Output the data in full. Keep every word exact and exclude the pictures.

_Data provided_
■ ■ ■

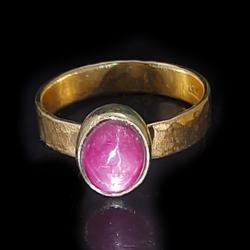 złoty ekskluzywny różowy pierścionek,rubin - Pierścionki - Biżuteria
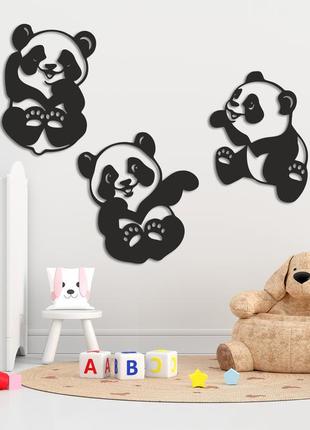 Дерев'янe панно "панди", картина на стіну, декор на стіну, подарунок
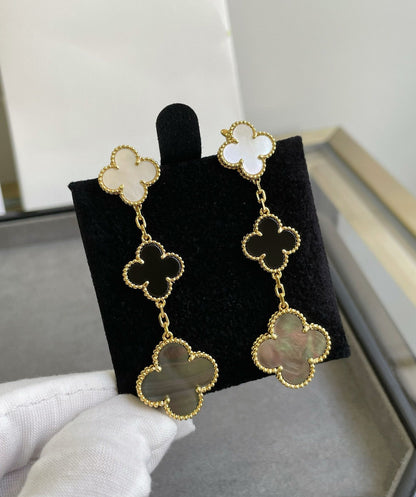 [Clover-Jewelry]CLOVER 3 MOTIF MOP ONYX DARK MOP PINK GOLD EARRINGS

■ ■ ■

_Result of this exercise_
 złoty ekskluzywny różowy pierścionek,rubin - Pierścionki - Biżuteria
 Дерев'янe панно "панди", картина на стіну, декор на стіну, подарунок
 [Clover-Jewelry]CLOVER 3 MOTIF MOP ONYX DARK MOP PINK GOLD EARRINGS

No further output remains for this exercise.